Jika menilik perjalanan sejarah Indonesia, diketahui pasal penghinaan Presiden, merupakan warisan pemerintahan kolonial Belanda. Saat itu pemerintah kolonial Belanda memberlakukan hukum pidana tertulis dengan asas konkordasi. Undang-Undang (UU) yang digunakan adalah Wetboek van Strafrecht Stadblad 1915 No 732. Tapi, terhitung 8 Maret 1942, ketika adanya peralihan kekuasaan dari pemerintah Hindia Belanda kepada Jepang di Indonesia, Wetboek van Strafrecht Stadblad tidak lagi gunakan.

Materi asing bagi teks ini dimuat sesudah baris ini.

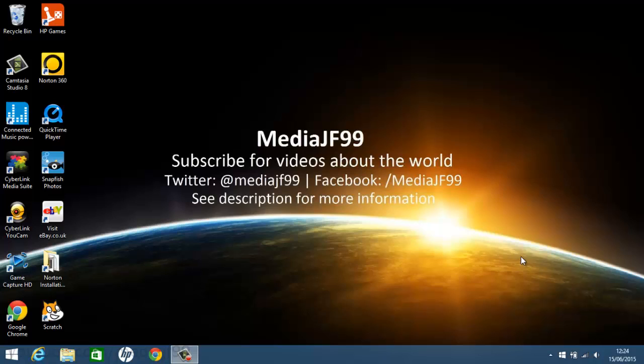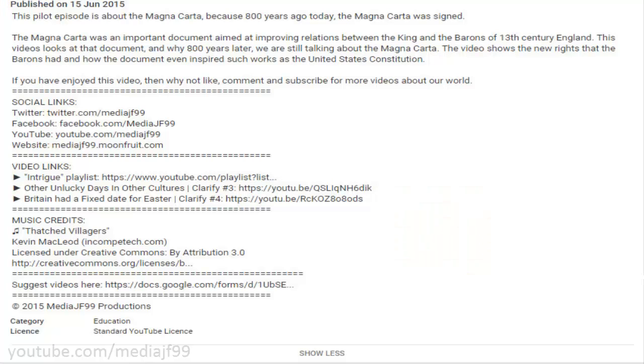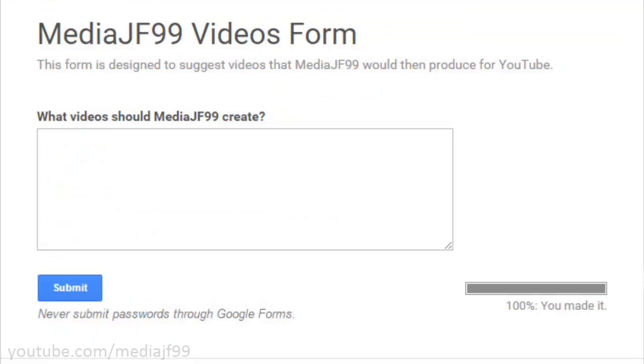Therefore, I decided to introduce a new way to suggest videos. Starting from now, there is a Google form on every YouTube description, and if you click it, it will take you to my form. There, you can type suggestions for future videos on YouTube.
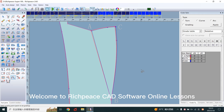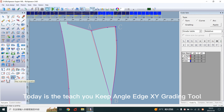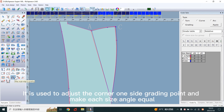Welcome to PHP's CAD software online lessons. Today I will teach you the Keep Angle Edge XY Grading Tool. It is used to adjust the corner — one side grading point — and make each side angle equal.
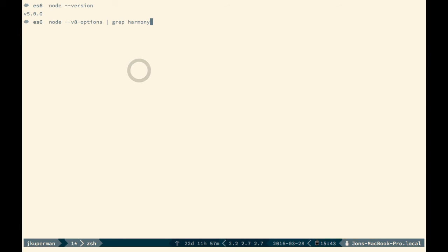you can run this command here, node --v8-options. And then you can grep for harmony, which is another name for the ES6 version.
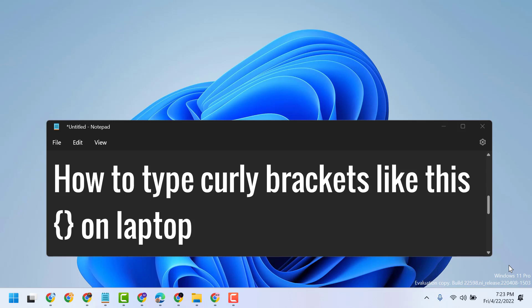In this video I will show you how to type curly brackets like this on laptop.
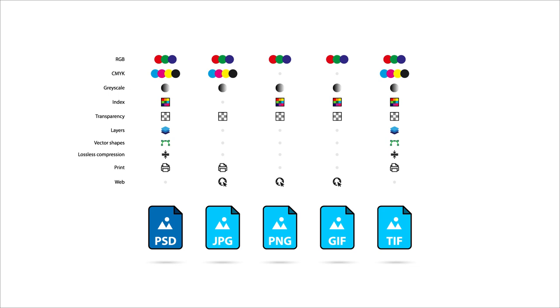The Photoshop document format offers incredible editing flexibility. It can be used for projects that are on screen or in print. It offers grayscale, index color, it can store transparency, have multiple layers and even store vector content.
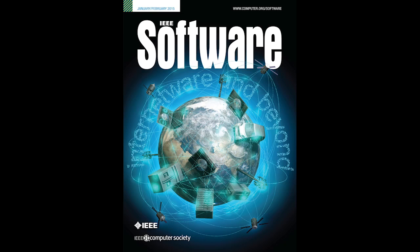Okay, now that we know what software engineering for internet computing is, let's ask the second question. Why is this topic interesting? Antonia, what do you think?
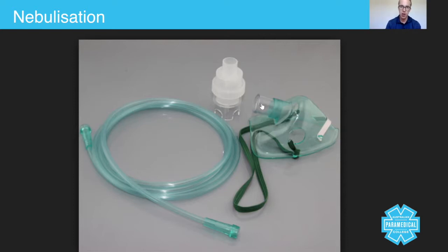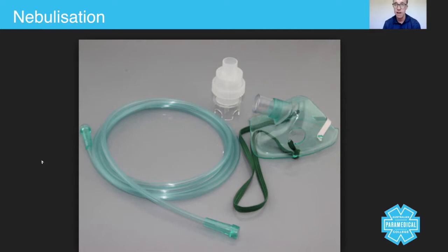You place the top end into the top part of the mask, then you connect one part of the oxygen tubing under here and the other part of the oxygen tubing plugs directly into the oxygen therapy.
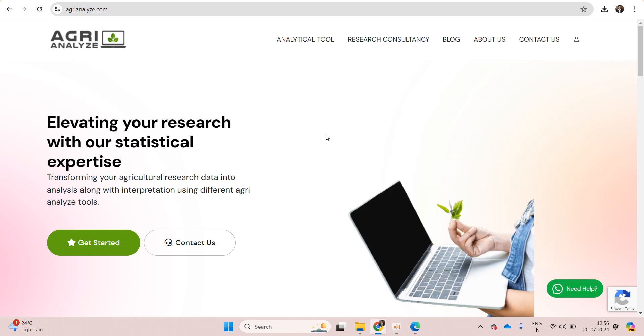Namaste friends. In this video we are going to see how to perform Pearson correlation computation using AgriAnalyze.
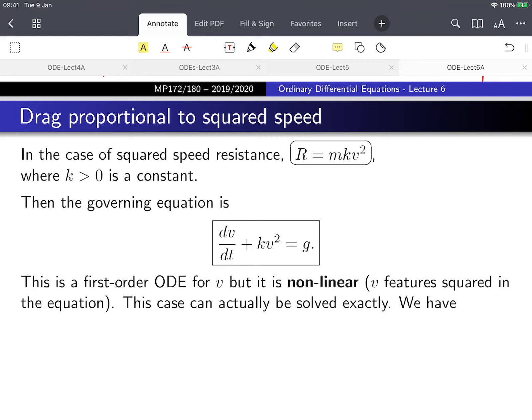Let's move on to the other case: resistance proportional to the speed squared. The only difference now is instead of bv we have bv² (or kv²). It looks like it might be in standard form, but we won't be able to use the integrating factor method because v is squared — it's not linear. It's a first-order nonlinear ODE. In general we can't do much, but here we might be able to make progress.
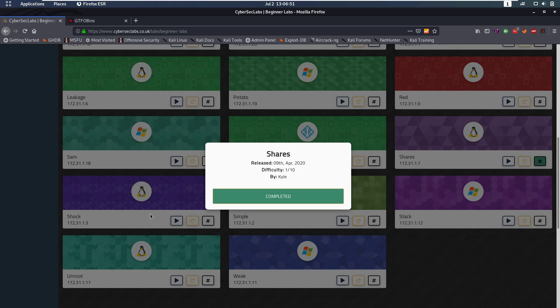Hello everybody and welcome back to this new video. Today we're going to be talking about the Shares box, the Shares Linux box from CyberSec Labs.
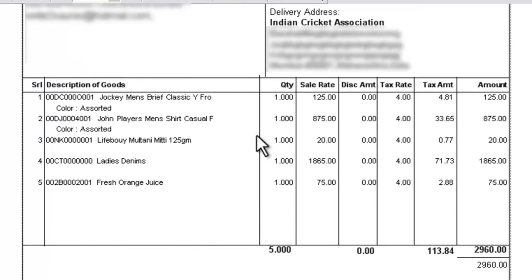This concludes our tutorial on how to delete a column. Similarly you can delete any other field from the window print file.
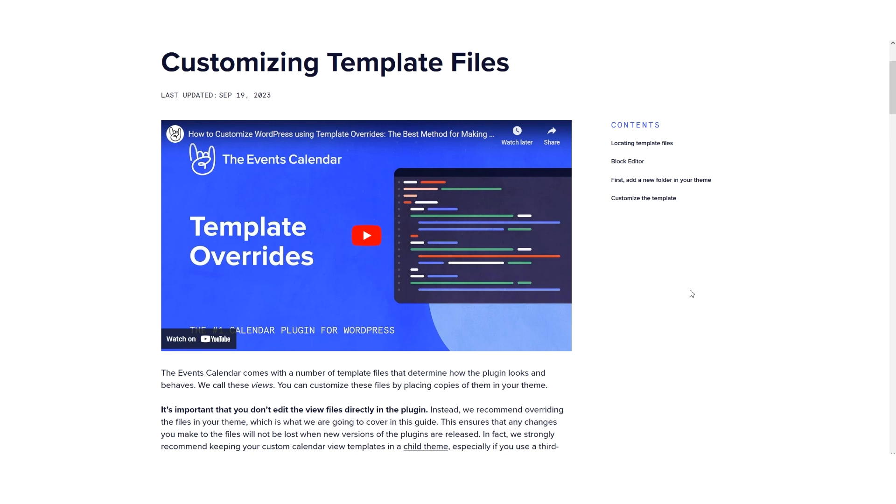Each plugin and add-on has its own unique set of templates and each template can be copied and customized in your theme folder. It's important that you don't edit the view files directly in the plugin. Instead, we recommend overwriting the files in your theme, which is covered in a knowledge-based article which will be linked to below in the video description,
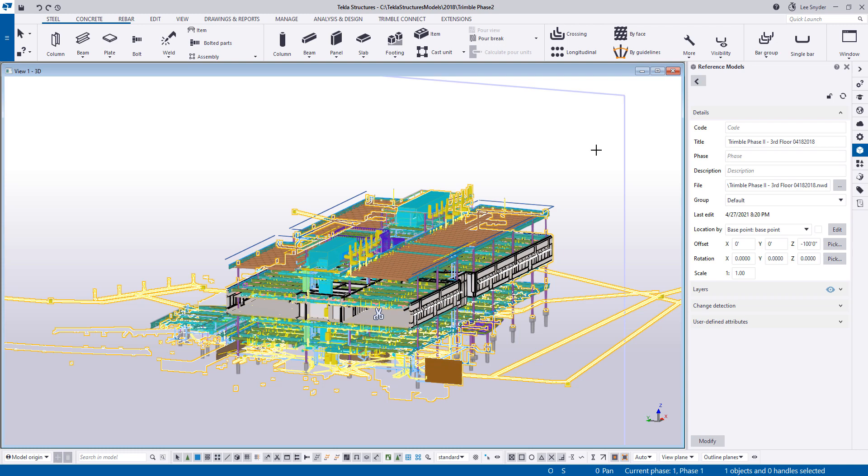So as mentioned before, these are available for download on the Tekla warehouse. I'll provide direct links to the download pages in the description of this video. So you can just click on those and download those. But as always, we invite you to try it out, send us any feedback that you may have, and we hope you enjoy this new development.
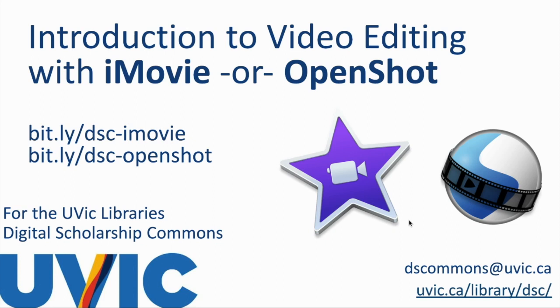Welcome to Introduction to Video Editing with iMovie or OpenShot. My name is Danny Kaye Johnson. I'm with the UVic Libraries McPherson Library Digital Scholarship Commons.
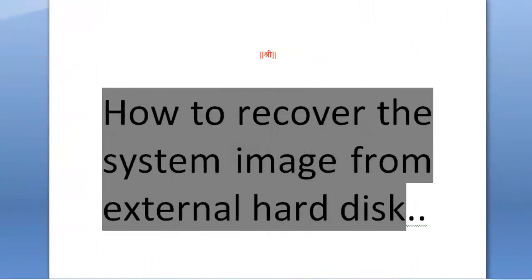In one of my previous videos I have explained and demonstrated how to create the system image. In this video I am going to explain how to recover the system image from external hard disk.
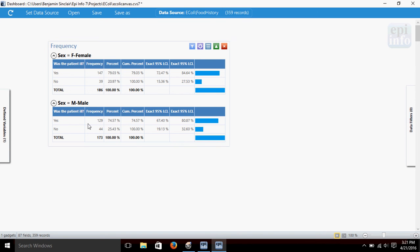In the males group, it shows us how many got sick and how many didn't, and that there were 173 males in the survey. And the percentages that each of those represent.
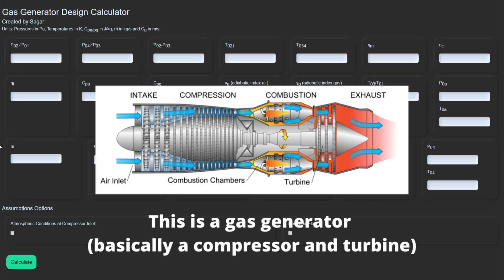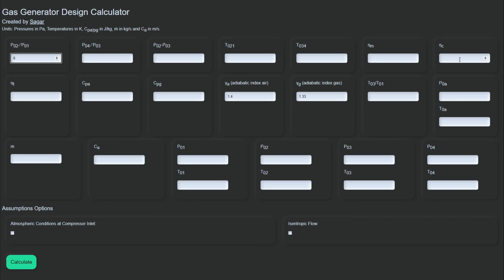Maybe you do something repetitively on a computer and you could create a script that automates it, or maybe there are complex calculations you have to do for homework and you could create a script to automate that for you. One of the projects I actually created this year was a gas generator calculator. You enter various temperature ratios and pressure ratios given in an exam question, and the computer outputs all the various other temperature and pressure ratios that it can calculate. I actually used this in one of my open book exams — it takes half an hour to do the question manually, so I wrote a script to do it in a few milliseconds.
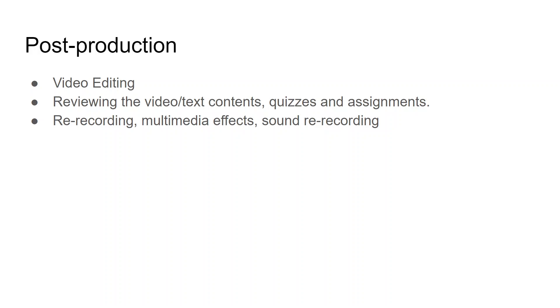And one for the technical aspects of video and text content. After the reviewing process, if the reviewer suggests some kind of changes, then you can go for re-recording of that video.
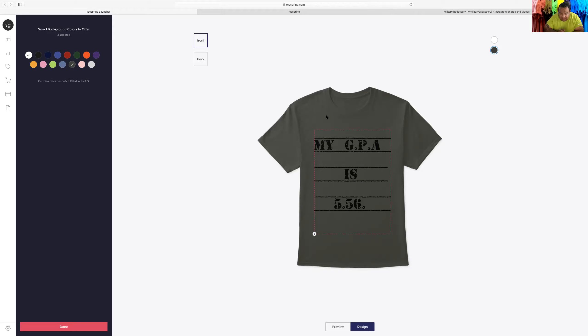It got to a point where I was like, hey you know what, screw this. Let me design my shirt. And this shirt that I made actually attracted a lot of conversation. Honestly, some people would even ask me, is your GPA 5.56?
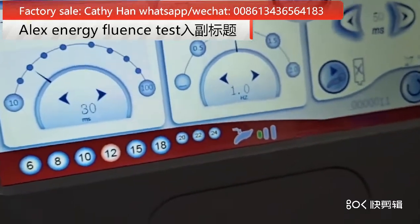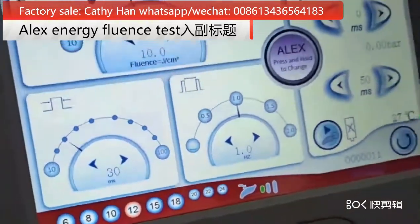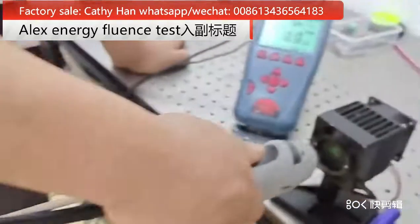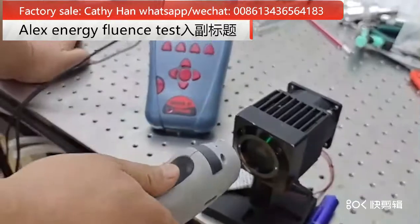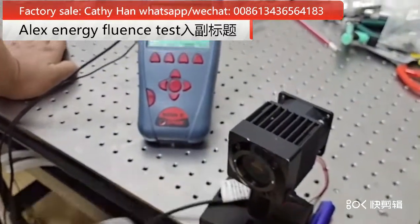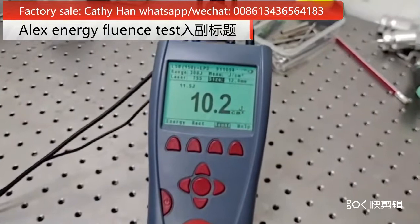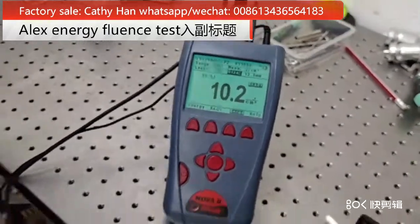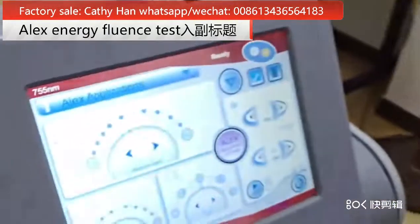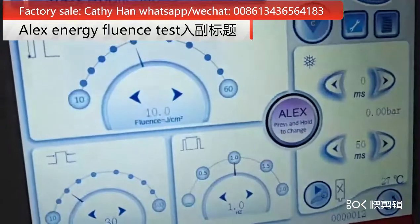We can see now it is 12 millimeter. It's 10.2, and here also 10.2.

Namun, setelah Indonesia merdeka, Wetboek van Strafrecht Stadblad masih tetap dipergunakan dan diberlakukan sebagai kitab UU hukum pidana Indonesia berdasarkan UU No 1 tahun 1946 jo UU No 73 Tahun 1958. Tapi, pada tahun 2006 Mahkamah Konstitusi memutuskan untuk menghapus pasal penghinaan kepada Presiden. Dengan alasan, pembaharuan hukum pidana tersebut dipandang tidak mampu mengikuti perkembangan pemikiran atau ide dan aspirasi tuntutan atau kebutuhan masyarakat baik nasional maupun internasional (Lambang B, 2009).
Putusan tersebut mendapat apresiasi dari Dewan HAM Perserikatan Bangsa-bangsa (PBB) yang menilai bahwa Indonesia telah mampu melampaui peradaban di negara-negara seperti Belgia, Swedia, dan Belanda, yang masih menerapkan pasal penghinaan terhadap Presiden. Selain itu, menurut mantan Ketua Mahkamah Konstitusi Jimly Asshidiqie, di negara-negara yang masih terdapat pasal penghinaan Presiden, sampai saat ini tidak pernah lagi digunakan karena peradaban yang semakin maju.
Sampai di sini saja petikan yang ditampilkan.